[Opening AVAILABLE DATA section]

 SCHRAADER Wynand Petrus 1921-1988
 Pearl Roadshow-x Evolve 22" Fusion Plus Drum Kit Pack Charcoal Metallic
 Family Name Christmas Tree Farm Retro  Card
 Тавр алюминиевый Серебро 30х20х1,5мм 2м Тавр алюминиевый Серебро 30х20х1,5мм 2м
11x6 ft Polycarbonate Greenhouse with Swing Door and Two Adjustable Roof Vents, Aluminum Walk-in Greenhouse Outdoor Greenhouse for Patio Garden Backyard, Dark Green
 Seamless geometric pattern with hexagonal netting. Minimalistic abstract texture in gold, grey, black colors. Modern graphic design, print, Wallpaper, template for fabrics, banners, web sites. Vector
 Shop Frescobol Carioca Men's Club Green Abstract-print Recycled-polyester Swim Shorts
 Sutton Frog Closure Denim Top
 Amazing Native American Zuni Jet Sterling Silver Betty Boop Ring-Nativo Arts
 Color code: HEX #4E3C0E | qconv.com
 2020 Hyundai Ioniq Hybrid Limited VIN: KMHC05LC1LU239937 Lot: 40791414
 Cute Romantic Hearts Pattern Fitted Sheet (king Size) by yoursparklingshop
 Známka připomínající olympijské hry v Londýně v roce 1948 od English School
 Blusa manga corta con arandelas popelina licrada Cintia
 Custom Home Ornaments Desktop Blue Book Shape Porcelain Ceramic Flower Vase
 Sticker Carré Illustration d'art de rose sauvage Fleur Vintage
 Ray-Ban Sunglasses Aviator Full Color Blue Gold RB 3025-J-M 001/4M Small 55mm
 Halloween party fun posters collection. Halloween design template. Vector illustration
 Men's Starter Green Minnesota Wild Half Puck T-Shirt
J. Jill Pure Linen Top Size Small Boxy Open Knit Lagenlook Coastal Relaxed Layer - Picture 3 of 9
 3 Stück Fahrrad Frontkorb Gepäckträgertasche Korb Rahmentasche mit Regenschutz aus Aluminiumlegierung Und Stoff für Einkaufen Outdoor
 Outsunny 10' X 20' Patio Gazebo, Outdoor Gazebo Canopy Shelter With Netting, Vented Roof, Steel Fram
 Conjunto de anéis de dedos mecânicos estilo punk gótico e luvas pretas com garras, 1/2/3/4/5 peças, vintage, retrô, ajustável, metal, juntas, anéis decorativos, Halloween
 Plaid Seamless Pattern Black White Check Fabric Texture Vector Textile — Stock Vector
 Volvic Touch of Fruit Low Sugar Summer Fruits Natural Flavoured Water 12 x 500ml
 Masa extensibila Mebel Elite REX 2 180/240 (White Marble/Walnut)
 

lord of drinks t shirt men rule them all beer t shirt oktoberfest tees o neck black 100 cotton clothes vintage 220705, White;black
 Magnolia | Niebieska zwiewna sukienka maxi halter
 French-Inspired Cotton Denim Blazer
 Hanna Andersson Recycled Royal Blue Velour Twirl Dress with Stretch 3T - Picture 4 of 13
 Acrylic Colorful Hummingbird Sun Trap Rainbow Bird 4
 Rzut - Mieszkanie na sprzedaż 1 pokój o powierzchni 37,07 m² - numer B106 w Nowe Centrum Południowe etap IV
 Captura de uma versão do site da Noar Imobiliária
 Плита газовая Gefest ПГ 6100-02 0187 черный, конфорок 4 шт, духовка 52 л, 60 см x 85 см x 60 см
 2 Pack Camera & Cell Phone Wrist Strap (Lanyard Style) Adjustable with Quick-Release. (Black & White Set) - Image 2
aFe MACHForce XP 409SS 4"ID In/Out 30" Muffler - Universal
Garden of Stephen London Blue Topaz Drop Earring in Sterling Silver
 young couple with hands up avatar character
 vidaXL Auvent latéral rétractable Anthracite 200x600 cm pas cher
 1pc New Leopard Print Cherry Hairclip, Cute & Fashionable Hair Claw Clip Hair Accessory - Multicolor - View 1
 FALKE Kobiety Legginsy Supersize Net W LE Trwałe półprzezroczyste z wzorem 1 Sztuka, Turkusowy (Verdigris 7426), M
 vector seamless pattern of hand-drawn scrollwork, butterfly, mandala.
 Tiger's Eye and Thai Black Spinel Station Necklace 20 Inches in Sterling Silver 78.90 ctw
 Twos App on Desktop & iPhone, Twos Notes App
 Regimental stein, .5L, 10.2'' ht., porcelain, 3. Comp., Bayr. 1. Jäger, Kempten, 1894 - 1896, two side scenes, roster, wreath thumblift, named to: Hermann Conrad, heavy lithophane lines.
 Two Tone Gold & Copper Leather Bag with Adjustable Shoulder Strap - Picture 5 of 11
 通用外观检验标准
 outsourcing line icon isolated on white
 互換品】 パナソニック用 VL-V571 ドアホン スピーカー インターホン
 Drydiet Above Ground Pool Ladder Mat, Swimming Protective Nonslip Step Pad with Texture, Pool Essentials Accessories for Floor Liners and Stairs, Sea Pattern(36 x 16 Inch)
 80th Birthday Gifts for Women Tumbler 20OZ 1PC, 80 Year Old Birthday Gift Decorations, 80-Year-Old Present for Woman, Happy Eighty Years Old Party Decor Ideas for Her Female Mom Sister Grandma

[Closing AVAILABLE DATA section]

- [ASSIGNMENT]: Whenever a line in the data holds "Garden", copy that line.

- [EXERCISE OUTPUT]:
11x6 ft Polycarbonate Greenhouse with Swing Door and Two Adjustable Roof Vents, Aluminum Walk-in Greenhouse Outdoor Greenhouse for Patio Garden Backyard, Dark Green
Garden of Stephen London Blue Topaz Drop Earring in Sterling Silver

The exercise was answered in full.